Did I misunderstand you?

I agree with the two conditions you brought up. And I will not continue working on changing the existing standard-library. Instead I will focus on the API changes.

I am hoping to show that we can flesh out the dict API both with generally useful methods, and without expanding any existing constraints from our API commitments. (And without impacting existing uses.) My thought here is that we are already committed to preserving insertion order, and that this already constraints us so much, that we can get the rest for ‘free’. But more on that in the other discussion.

Thanks for the excellent suggestion! I am curious and will have a look.

The proposed implementation uses less memory. (The faster amortised runtime performance is only an accident, to be honest. I was just exploring.)

Simplicity of implementation was my main concern, when I started the exploration.

Slightly off-topic, since you don’t want these complication in the standard library:

What you describe is close to what actually started me on this journey in the first place.

To give a very rough sketch, I wanted to use dict as a cache, and every so often do some random sampling from of the items in the dict to calculate some statistics, and then use those to decide what to evict. (Well, the first hurdle was that dicts don’t allow random sampling, and then my dive in the code started from there.)

malemburg · August 25, 2022, 10:56am

Right and I think I mentioned that in my posting.

Still, I may have not made my point clear enough, so here’s another try:

The lru_cache is a helper to cache function results. It is mostly used for functions where calculating the output is expensive, so the overall win of using lru_cache is reducing the number of times the function has to recalculate values for the same combination of arguments.

When evaluating methods to use for such caching, it is important to look at the overall performance gain of calling the caching function vs. calling the non-caching function.

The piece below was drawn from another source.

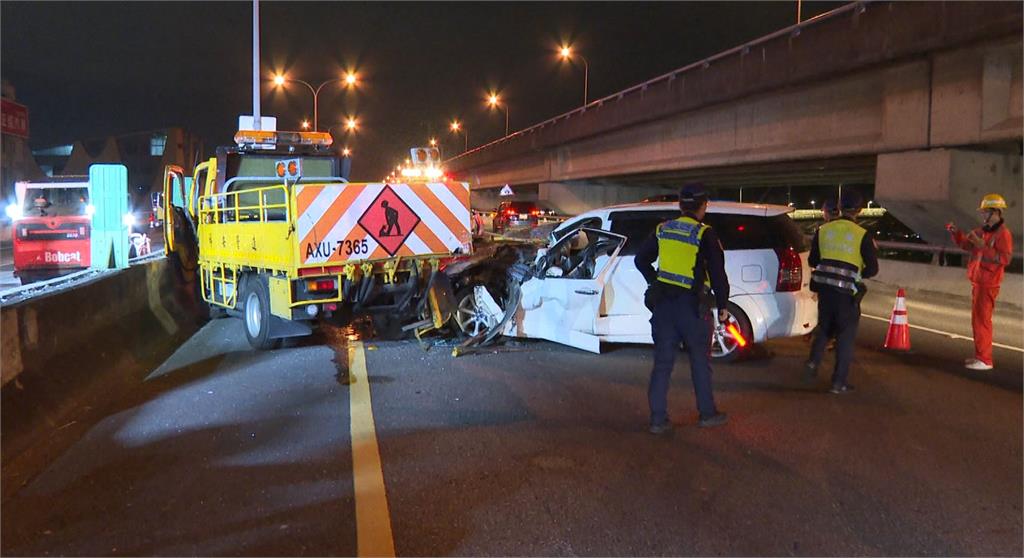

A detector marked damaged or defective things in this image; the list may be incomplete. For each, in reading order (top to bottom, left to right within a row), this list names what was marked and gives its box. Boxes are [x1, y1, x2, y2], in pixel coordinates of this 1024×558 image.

crashed white car [456, 202, 815, 358]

In most cases, the lru_cache overhead will be negligible compared to the cost of the function calculating a new value, so optimizing the cache itself pays of less than optimizing the used caching strategy, since you want to avoid having to recalculate function values as much as possible.

The situation is similar for the memory used by the cache itself. The results you are caching will typically require a lot more memory than the cache itself.

So overall, it makes more sense to focus on caching strategies than the performance of the cache itself. LRU is already a lot better than naive strategies, but depending on the use case, other methods may give even better performance (e.g. LIRS or weighted approaches).

I had another look at the implementation. Turns out the re._compile() cache is not using an LRU strategy. It’s missing the update part of LRU. Instead, it simply caches all values and removes the oldest entry when the cache gets full – which could well be the most often used one. There’s definitely room for improvement

guido · August 25, 2022, 4:08pm

IIRC the original re.compile cache was even stupider. When the cache was full it would just clear it completely. Worked fine, usually.

storchaka · August 25, 2022, 5:57pm

If you look at the history of that piece of the code, you would find that the caching algorithm was changed many times, perhaps 4 or 5 times, or more. Not including the tuning of the size of the cache.

One time it used lru_cache() (or maybe there were several unsuccessful attempts of using lru_cache()), but not all results should be cached, additional code added an overhead over lru_cache(). And lru_cache() implemented in Python was too slow for this. One time it used OrderedDict, but move_to_end() added an overhead, especially if implemented in Python. Nothing can beat a simple dict lookup. Yes, the most often used entry can be removed from the cache, but if it is often used, it will be added again very soon. There is still a benefit from using a cache.

Perhaps we should use the secondary cache for items removed from the primary cache, and that cache can use an LRU strategy.